Actually I find this page a bit unclear
https://travel.gc.ca/travelling/documents/dual-citizenship
Exception: If you are an American-Canadian dual citizen with a valid U.S. passport, you don’t need a Canadian passport to fly to Canada. However, you still need to
carry proper identification and meet the
basic requirements to enter Canada.
The link regarding "proper identification" is
https://www.cbsa-asfc.gc.ca/travel-voyage/td-dv-eng.html
and says If you do not have a passport, and are returning to Canada, the following documents can denote identity and citizenship:
Certificate of Canadian citizenship (issued from 1954 to present)
doesn't say that a copy of the certificate (rather than the original) is enough, so I was reading it as needing to carry the original certificate.

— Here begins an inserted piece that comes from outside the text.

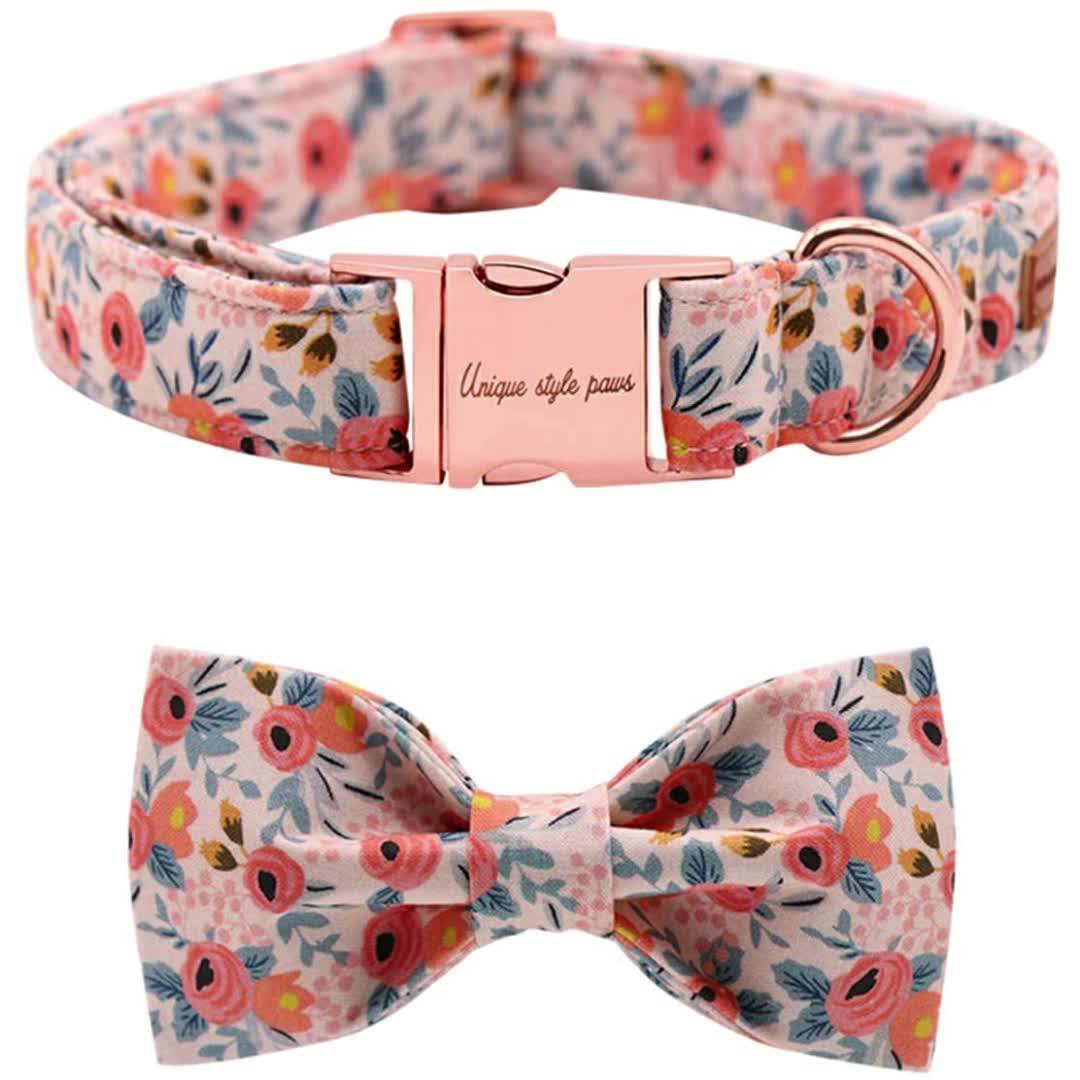 Unique Style Paws Dog Collar Bow Tie Collar Adjustable Collars For Dogs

Look, it's pretty simple: the government REALLY doesn't want Canadians travelling without the "approved" Canadian citizen travel document, called a passport. So they're never going to say "hey just roll up to the border with what you got on you, we'll probably figure it out."
But that does not mean it won't happen that way.
As I said, the law is quite unambiguous: they SHALL admit Canadian citizens. If you can convince them you are, they'll admit you.
But as you mentioned, they do have databases at the border, and it seems they actually can pull up our information pretty quickly, so it does make sense that even a copy of the citizenship certificate should be fine. I actually had to travel back to the US by bus shortly after I landed as a PR and before receiving my PR card. When coming back to Canada, they already knew that I was a PR and said that they did not even need to see my COPR, even though normally they say that a PR returning to Canada at a land border without a PR card should show COPR.
And as I've been saying, in practice, they won't say in advance they will accept this, but if your docs are good, your case plausible, and they know you-are-you and can find you in the database, you will be admitted.
Also for US citizens they'd be let in anyway.
(Okay stuff happens it is possible something happens. But that's true with a passport as well).
Now note: I'd still STRONGLY recommend eveyrone travel with their Canadian passport. If you happen to arrive at a border when there's some terrorism scare or some other issue (computers down?), you might waste more time than you'd bargained for.
But those are long-tail possibilities, and if you can't travel with Cdn passport, well,s ee above, I've said my peace.